BEGIN Working data

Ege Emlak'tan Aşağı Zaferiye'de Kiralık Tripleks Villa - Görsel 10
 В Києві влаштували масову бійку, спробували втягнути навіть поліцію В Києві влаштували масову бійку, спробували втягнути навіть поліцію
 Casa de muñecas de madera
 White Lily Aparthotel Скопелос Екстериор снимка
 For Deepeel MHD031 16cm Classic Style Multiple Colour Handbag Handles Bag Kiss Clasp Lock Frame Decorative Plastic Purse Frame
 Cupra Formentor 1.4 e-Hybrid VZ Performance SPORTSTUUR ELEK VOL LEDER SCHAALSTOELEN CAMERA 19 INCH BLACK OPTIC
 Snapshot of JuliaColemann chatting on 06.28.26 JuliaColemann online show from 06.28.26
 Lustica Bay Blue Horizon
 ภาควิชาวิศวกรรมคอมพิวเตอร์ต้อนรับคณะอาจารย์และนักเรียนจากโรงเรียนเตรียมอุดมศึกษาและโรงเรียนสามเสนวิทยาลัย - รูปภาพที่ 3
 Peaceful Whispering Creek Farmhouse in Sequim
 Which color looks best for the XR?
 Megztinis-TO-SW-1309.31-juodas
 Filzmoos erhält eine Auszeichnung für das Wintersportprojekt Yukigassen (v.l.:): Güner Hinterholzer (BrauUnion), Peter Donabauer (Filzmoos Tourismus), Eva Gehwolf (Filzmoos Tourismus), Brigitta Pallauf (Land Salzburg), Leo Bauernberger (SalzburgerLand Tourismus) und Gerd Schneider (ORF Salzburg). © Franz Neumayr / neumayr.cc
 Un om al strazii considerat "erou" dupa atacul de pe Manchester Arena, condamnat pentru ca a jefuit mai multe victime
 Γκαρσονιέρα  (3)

END Working data

- Prompt: Retype exactly the lines of the data above that fall between the line with "Snapshot of JuliaColemann" and the line with "- รูปภาพที่ 3", inclusive, and add nothing.

- Task response:
 Snapshot of JuliaColemann chatting on 06.28.26 JuliaColemann online show from 06.28.26
 Lustica Bay Blue Horizon
 ภาควิชาวิศวกรรมคอมพิวเตอร์ต้อนรับคณะอาจารย์และนักเรียนจากโรงเรียนเตรียมอุดมศึกษาและโรงเรียนสามเสนวิทยาลัย - รูปภาพที่ 3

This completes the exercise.